4. MEDICARE PATIENTS: We will submit to Medicare for all your covered services. If you have a supplemental insurance, we will also submit that for you as a courtesy. If payment is not received from your supplemental insurance within 30 days of being submitted, we will ask for the balance due. If you do not have a supplemental insurance, your portion (20% of amount allowed by Medicare) will be collected at the time of service. Each year you will be expected to pay the allowed amount of your charges until your Medicare deductible is met.
5. MEDICAID PATIENTS: We are not participating providers with Medicaid. We ask that you pay for your services at the time of your visit.
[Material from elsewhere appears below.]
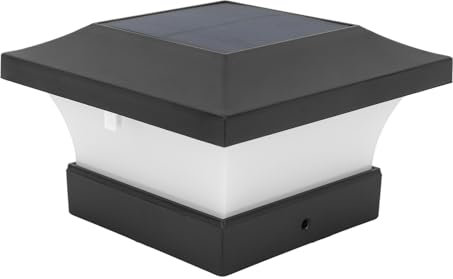 Tbest Solar Capital Lampe, Weißes Licht, 2000 MAh, Ip65, LED-Solar-Pfostenkappenleuchten für Hofzäune, Brücke, 3 W, 6000 K, Pfostenleuchten, Außenbeleuchtung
6. HMO-PPO PATIENTS: If we participate with your plan, we will submit your services to your insurance for you. Your co-payment will be collected at the time of service--no exceptions. If your plan requires you to choose a primary care physician, it is your responsibility to make sure your insurance company has the physician you are seeing in our office as your PCP. If your plan requires you to have an authorization to see a
specialist, you will need to obtain that from our office prior to seeing the specialist. 72 hours notice is required to obtain all referrals. We cannot obtain retroactive referrals. If we do not participate with your plan, we will verify your out-of-network benefits, file
your services, and we expect payment of your portion of the services at the time of your visit.
7. SELF-PAY PATIENTS: Patients without insurance coverage will be expected to pay at the time of service. If you will not be able to pay in full, you must contact our billing department prior to seeing the doctor to make payment arrangements.
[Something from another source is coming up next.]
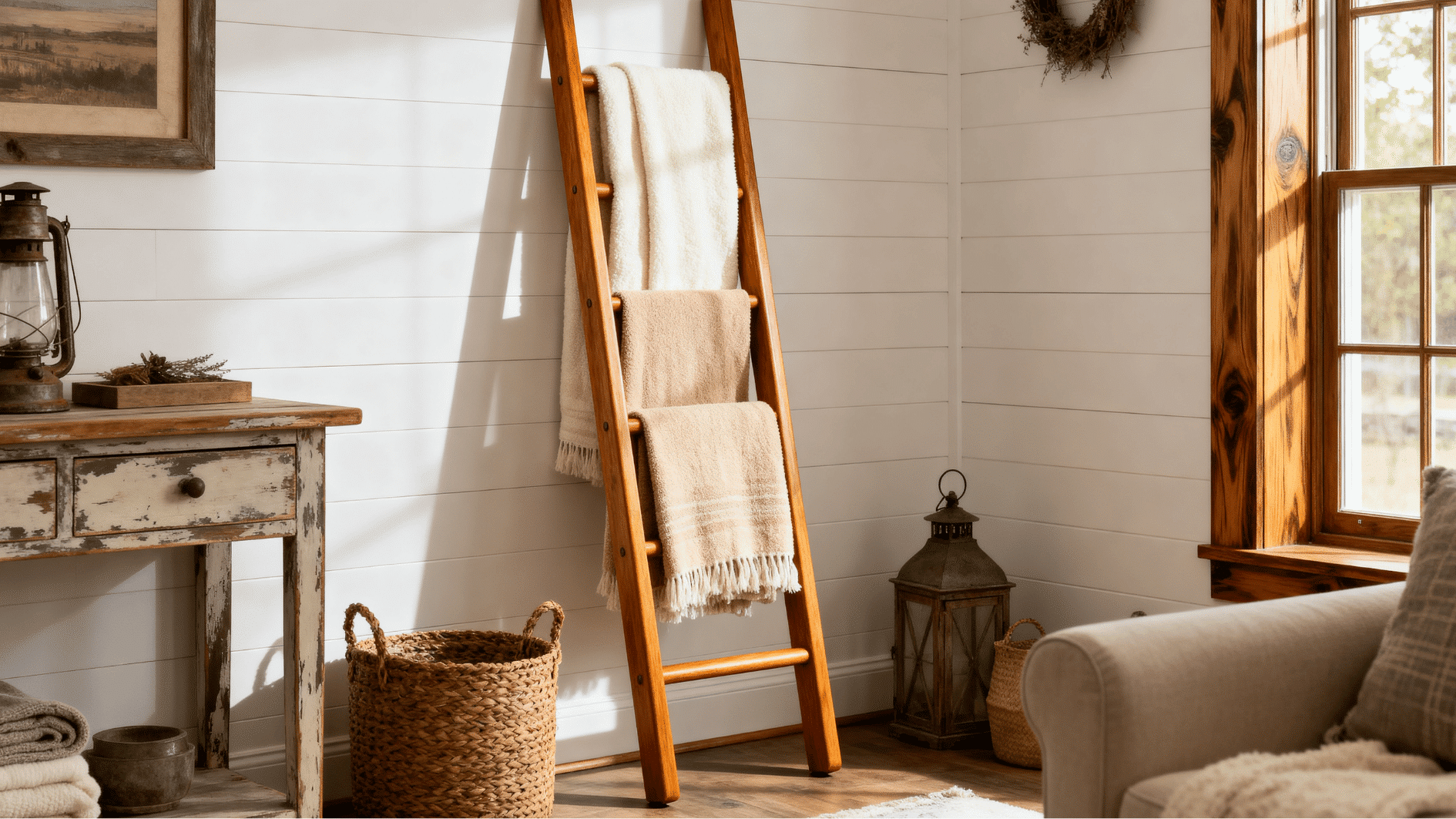 rustic farmhouse blanket ladder with cozy throws leaning against a white shiplap wall in a warm room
8. NO SHOW OR MISSED APPOINTMENTS: We understand there may be times when you are unable to keep an appointment. 24 hours notice must be provided to prevent incurring a cancellation fee. If two appointments are missed without proper notice you will be charged a $25.00 fee for routine visits and $50.00 for physicals.
Remember, whether you do or do not have insurance, you are ultimately financially responsible for payment of your services. If you have any questions regarding our financial policy, please contact our billing department or practice administrator.
I have read and acknowledge the above financial policy of Southwest Internal Medicine Specialists.